Landesweit stehen 19,35 Millionen Euro zur Verfügung, insgesamt können 789 Maßnahmen gefördert werden. Auch im Heidekreis werden zahlreiche Projekte unterstützt, die die Sportinfrastruktur nachhaltig verbessern. Dazu zählen unter anderem die Grundsanierung eines Reitplatzes in Alvern, die Installation einer Photovoltaikanlage mit Speicher bei der SG Benefeld-Cordingen sowie der Bau einer Inline-Skating-Bahn und einer Finnenlaufbahn bei der SG Bomlitz-Lönsheide. Ebenso werden Maßnahmen wie die Erneuerung von Flutlichtanlagen in Bad Fallingbostel, Fulde und Neuenkirchen gefördert. Ergänzt wird dies durch Investitionen in Barrierefreiheit, etwa beim Reit- und Fahrverein in Soltau, und durch energetische Sanierungen wie beim SC Tewel.

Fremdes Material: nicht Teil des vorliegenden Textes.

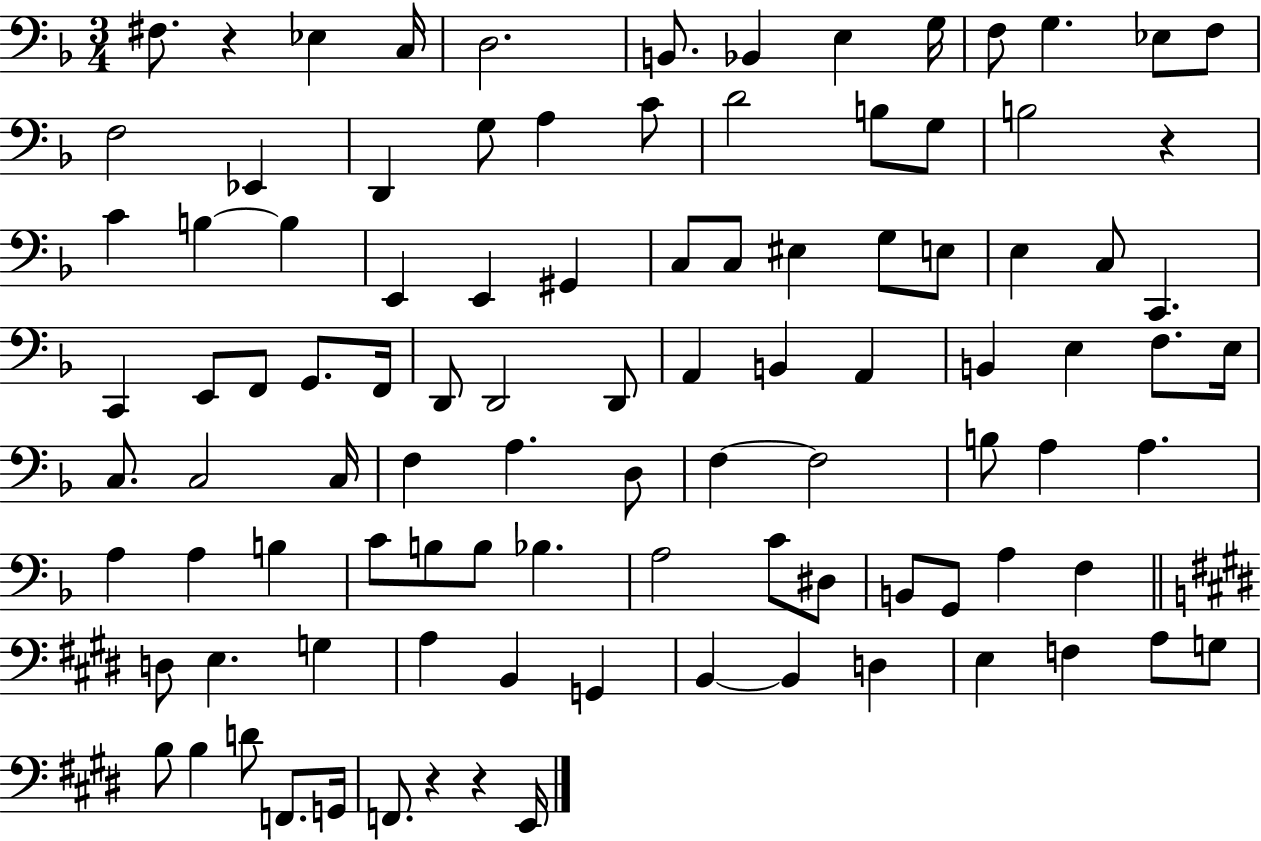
X:1
T:Untitled
M:3/4
L:1/4
K:F
^F,/2 z _E, C,/4 D,2 B,,/2 _B,, E, G,/4 F,/2 G, _E,/2 F,/2 F,2 _E,, D,, G,/2 A, C/2 D2 B,/2 G,/2 B,2 z C B, B, E,, E,, ^G,, C,/2 C,/2 ^E, G,/2 E,/2 E, C,/2 C,, C,, E,,/2 F,,/2 G,,/2 F,,/4 D,,/2 D,,2 D,,/2 A,, B,, A,, B,, E, F,/2 E,/4 C,/2 C,2 C,/4 F, A, D,/2 F, F,2 B,/2 A, A, A, A, B, C/2 B,/2 B,/2 _B, A,2 C/2 ^D,/2 B,,/2 G,,/2 A, F, D,/2 E, G, A, B,, G,, B,, B,, D, E, F, A,/2 G,/2 B,/2 B, D/2 F,,/2 G,,/4 F,,/2 z z E,,/4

Insgesamt fließen damit Fördermittel in Höhe von deutlich mehr als 150.000 Euro in den Heidekreis.

„Diese Förderung kommt genau da an, wo sie gebraucht wird: bei den Menschen, die sich tagtäglich ehrenamtlich in unseren Vereinen engagieren“, betont Zinke: „Moderne und gut ausgestattete Sportstätten sind die Grundlage für ein lebendiges Vereinsleben – im Kinder- und Jugendsport genauso wie im Breitensport.“

Besonders erfreulich sei, dass die große Mehrheit der Sportbünde landesweit die beantragten Mittel vollständig bewilligen könne. „Nur in wenigen Fällen mussten Kürzungen vorgenommen werden. Das zeigt: Die Entscheidung, die Mittel aufzustocken, war richtig. Davon profitiert auch der Heidekreis ganz konkret“, so Zinke abschließend.